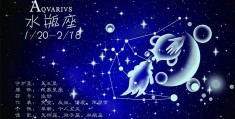 1994年12月21日什么星座，12月21日什么星座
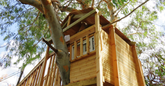 best treehouse fasteners
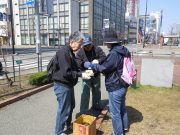 植物ボランティア４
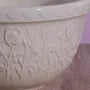Mason & Cash In The Meadow S12 Cream Mixing Bowl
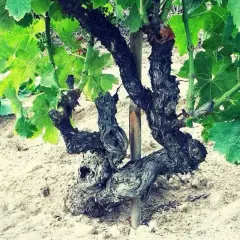 Un antico piede franco di vite, con tronco contorto e foglie verdi rigogliose, emerge da un terreno sabbioso.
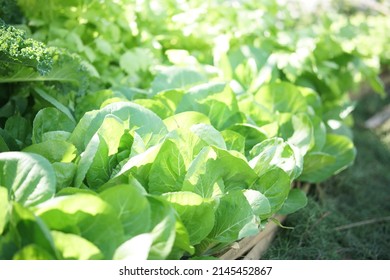 Chinese Cabbage Plant Growing In Vegetable Garden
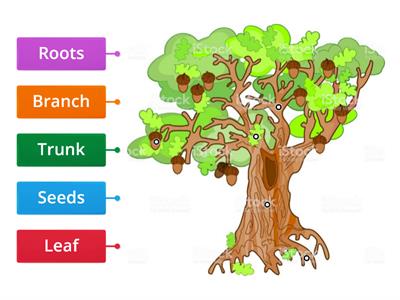 Parts of the Tree 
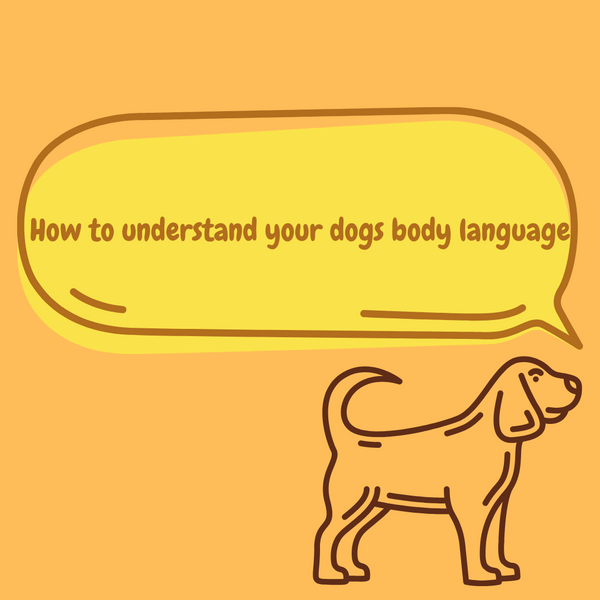 What are you saying?: How to understand your dog's body language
☆ ☆ ☆ ☆ ☆ ☆ ☆
For each entry, repeat its text exactly and leave out any picture it holds.

 1994年12月21日什么星座，12月21日什么星座
 best treehouse fasteners
 植物ボランティア４
Mason & Cash In The Meadow S12 Cream Mixing Bowl
 Un antico piede franco di vite, con tronco contorto e foglie verdi rigogliose, emerge da un terreno sabbioso.
 Chinese Cabbage Plant Growing In Vegetable Garden
 Parts of the Tree 
 What are you saying?: How to understand your dog's body language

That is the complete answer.